**Directions for this task:** The copy should begin at the line containing "Alevi Milano Rhinestone" and end with the last line below, every line exact and no picture included.

=== Data provided ===

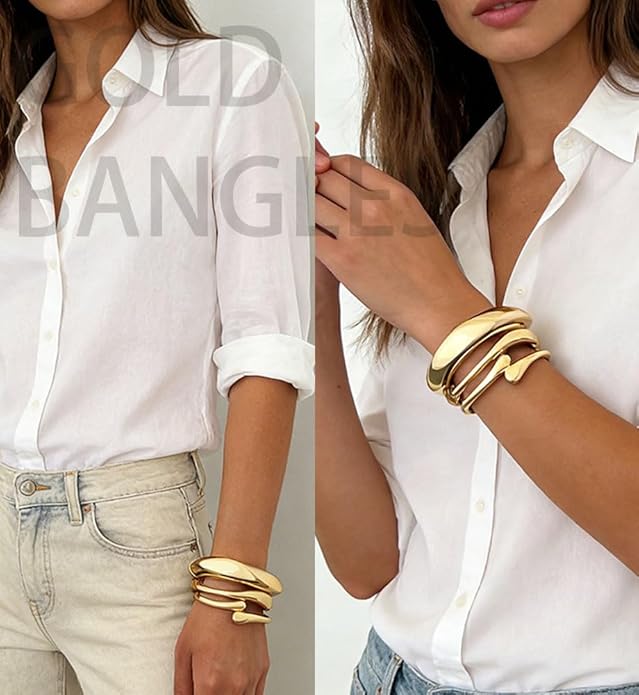 Chunky Gold Bangle Bracelets for Women, Dainty 14k Gold Plated Big Stackable Bangles Set, Trendy Statement Cuff Bracelet Stack Fashion Jewelry Christmas Gifts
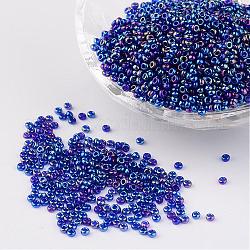 12/0 Grade A Round Glass Seed Beads, Transparent Colours Rainbow, Royal Blue, 2x1.5mm, Hole: 0.9mm, about 3300pcs/50g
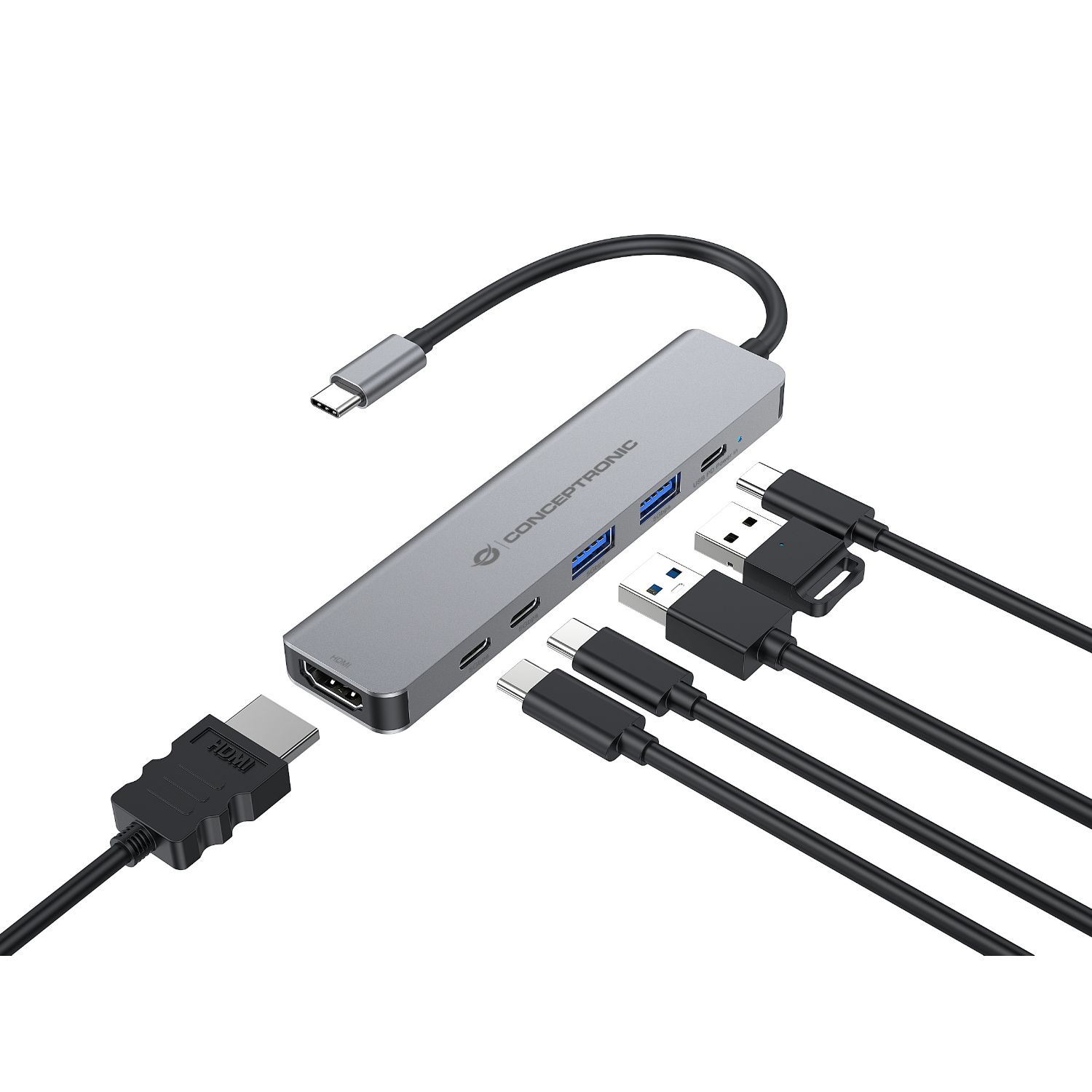 DONN33G - Docking Station CONCEPTRONIC USB-C 3.0 a 2xUSB-A/2xUSB-C/1xUSB-C PD 100W/1xHDMI 4K UHD 0.25m Plata (DONN33G)
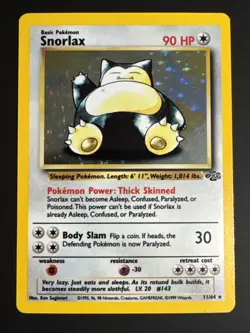 Snorlax Jungle 11/64 Unlimited Holo Rare 1999 Vintage WOTC Pokemon TCG LP+ - Image 1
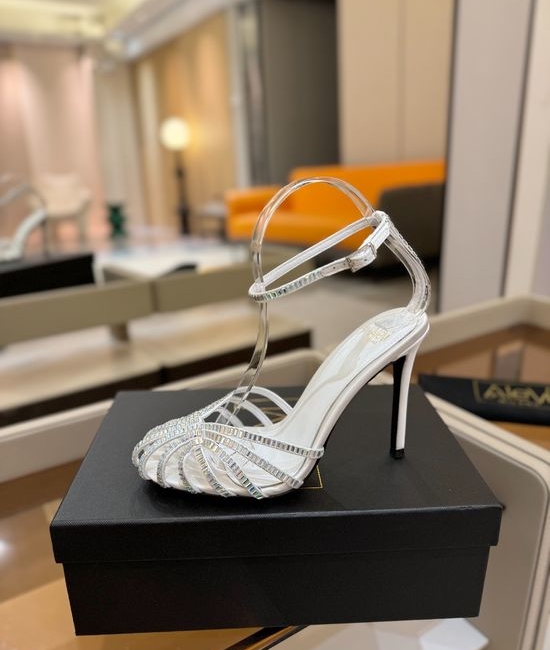 Alevi Milano Rhinestone Decorated Cutout High Heel Dress Sandals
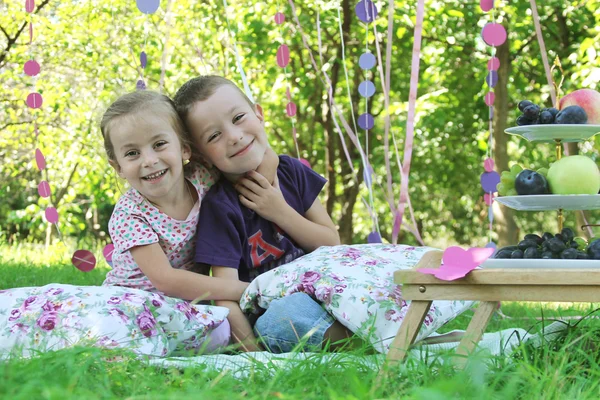 Сестра и брат на пикнике — стоковое фото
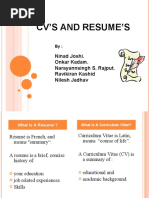 CV'S and Resume'S: Ninad Joshi. Onkar Kadam. Narayannsingh S. Rajput. Ravikiran Kashid Nilesh Jadhav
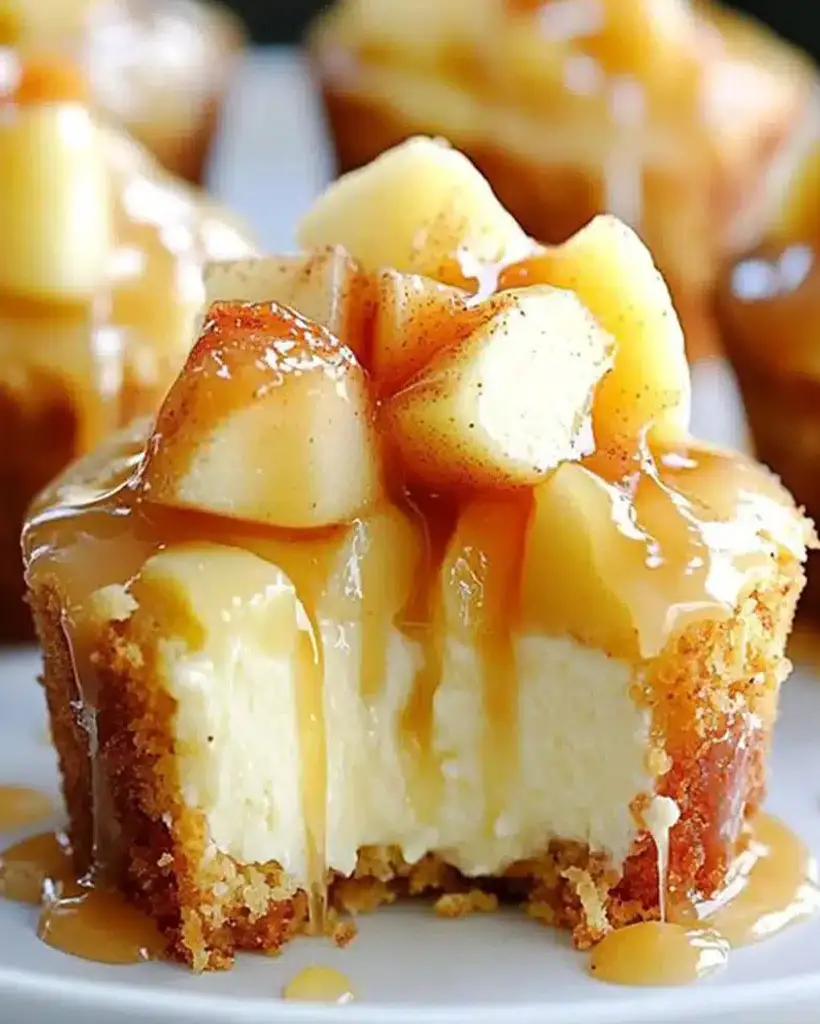 mini caramel apple cheesecakes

===

**Response to the task:**
 Alevi Milano Rhinestone Decorated Cutout High Heel Dress Sandals
 Сестра и брат на пикнике — стоковое фото
 CV'S and Resume'S: Ninad Joshi. Onkar Kadam. Narayannsingh S. Rajput. Ravikiran Kashid Nilesh Jadhav
 mini caramel apple cheesecakes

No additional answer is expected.